The word fiber has many definitions. It can be a mass word referring to any object with an acicular shape with macromolecular chains usually orienting along the long axle. Those without oriented macromolecular chains might be called nanowire or nano-thread. In the materials, paper, and textile industries, fiber is a broad term referring to a type of cell or cell aggregate in hardwood, bast, and cotton fibers, as well as various polymeric, carbonaceous, and inorganic materials for textiles or reinforcements. The term cellulose fiber is also an inclusive concept referring to manufactured cellulose fibers such as rayon and lyocell fibers in the form of filaments, chopped short fibers (in most cases), chopped yarns, yarns, and fabrics. Cellulose ester fibers are also included in cellulose fibers. The core structure of cellulose fibers is the presence of linear chains of thousands of glucose units linked together, which enables significant hydrogen bonding between OH groups on adjacent chains, causing them to pack closely into fibrils. When fibers have diameters in the nanometer range, they can be classified as nanofibers. Since fiber is an inclusive term, nanofiber should also be inclusive of all fiber in the nanometer range.
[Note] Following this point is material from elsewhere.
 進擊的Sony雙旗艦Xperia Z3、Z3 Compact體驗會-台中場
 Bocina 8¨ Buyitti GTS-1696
Fibers are usually presented in the form of yarns, fabrics, filaments, and chopped short fibers in filaments or yarns, as shown in Figure 4a.
Figure 4. (a) Fiber taxonomies and (b) carbon nanomaterial classification.
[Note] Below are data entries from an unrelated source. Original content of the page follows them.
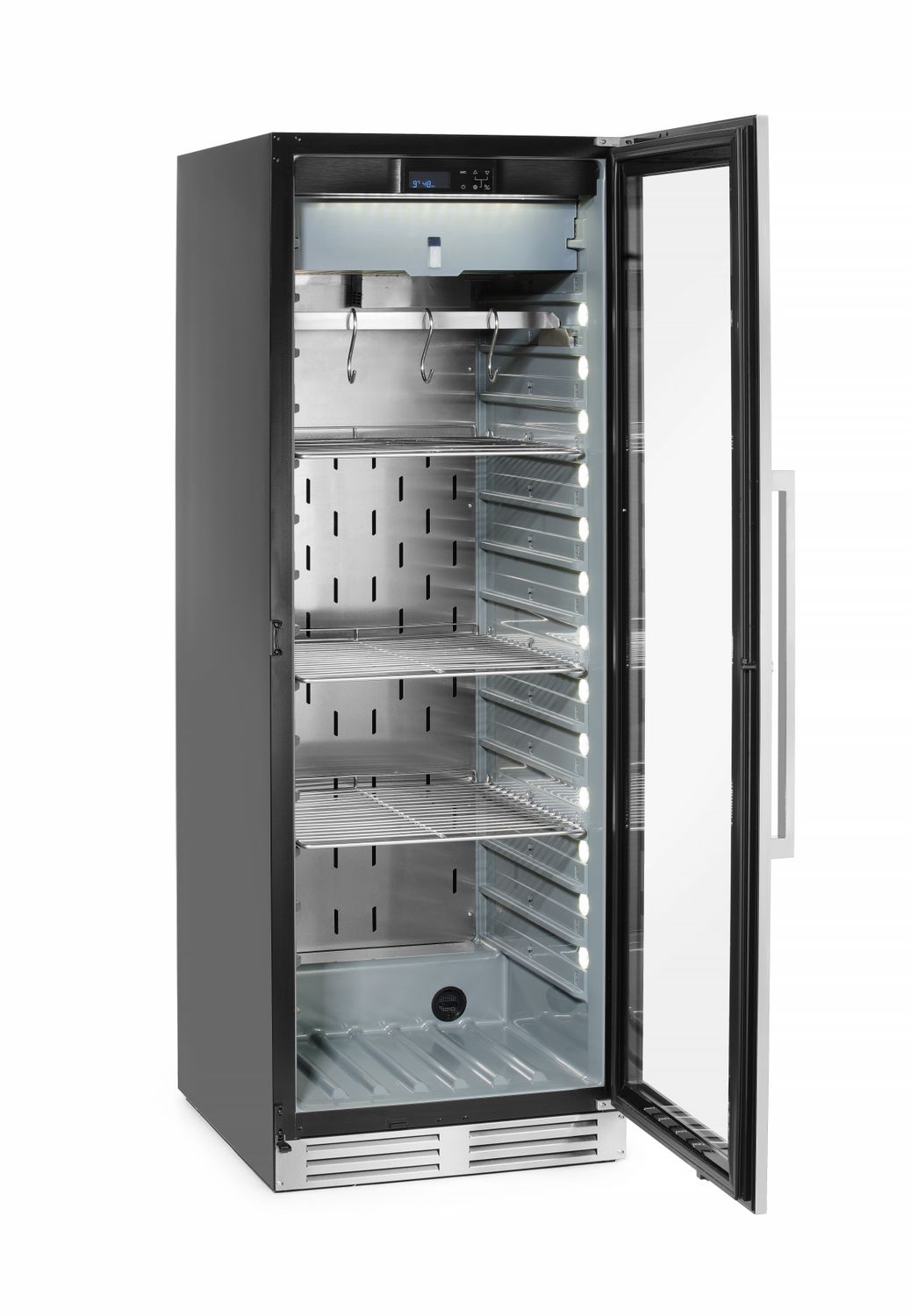 Skříň na zrání masa, HENDI, 352L, 220-240V/170W, 695x760x(H)1720mm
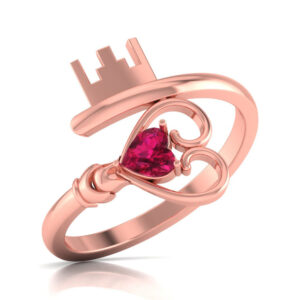 Saba Gold Ring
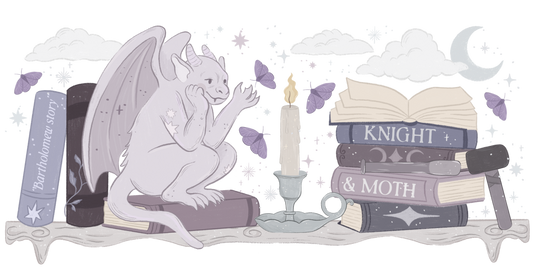 The Knave and the Moon: Everything We Know About Rachel Gillig's Stonewater Kingdom Finale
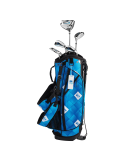 Pack 1/2 Junior Team Taylormade 7/9ans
Cellulose is sometimes used with carbon. There are many carbon nano-objects, i.e., nanocarbons, such as CNTs and graphene, which are classified as shown in Figure 2b. Researchers and industrialists have integrated the remarkable properties of individual nanocarbons into useful, macroscopic ensembles (i.e., carbon-nanostructured materials such as fibers, films, membranes, foams, and nanocomposites).

2. Nanocellulose-Fiber Hybrid Composites

2.1. Nanocellulose-Hybrid Fibers with Synthetic Fibers

The hybridization of multiple reinforcing additives has been heavily researched to synergize the benefits from each additive. The most researched reinforcing additives are GFs, CFs, and various natural fibers, such as wood fibers and PFs. The use of reinforcing fibers typically aims to improve the mechanical properties, although it is also used as a reinforcement for gas barriers. The mechanical performance of the composites hybridized with multiple additives, however, is slightly degraded because of the lack of performance of the natural additive [50]. Despite the slightly decreased performance of the hybridized composites, the benefits of the natural fibers are significant in terms of material sustainability and decreased carbon footprint.
Epoxy composites have been reinforced using mixtures of GF and sisal/jute fibers [51]. The fibers were laid to generate multiple layers in the dry state, and epoxy resin was added to the multi-layers to wet the fibers and was later cured. The composite materials showed excellent mechanical properties, although they did not show the interfacial interactions among the fibers, since the epoxy coated the fibers before the fibers were attached to others.
Epoxy, a thermosetting resin, is preferred for manufacturing hybrid composite materials, especially for application in the structures of aircraft, which requires low-dielectric constants that can be provided from the natural fibers [50]. The hybridizing of GF and kenaf fibers with epoxy resins showed good low-velocity impact performance, which is required in aircraft applications [50].
In general, the synergetic effects from the hybridized composite materials result in better performance than those predicted by the rule of hybrid mixtures [52]. In one study, a mixture of GF and CF was thermally compounded with polypropylene (PP) [51]. The strength of the hybridized composite samples showed a positive deviation from the elastic modulus and showed no existence of a hybrid effect. The hybrid reinforcement effect in mechanical performance was hypothesized by suggesting that microcracks starting at the ends of CFs do not lead to the composite’s failure because the GFs act as crack arrestors [52].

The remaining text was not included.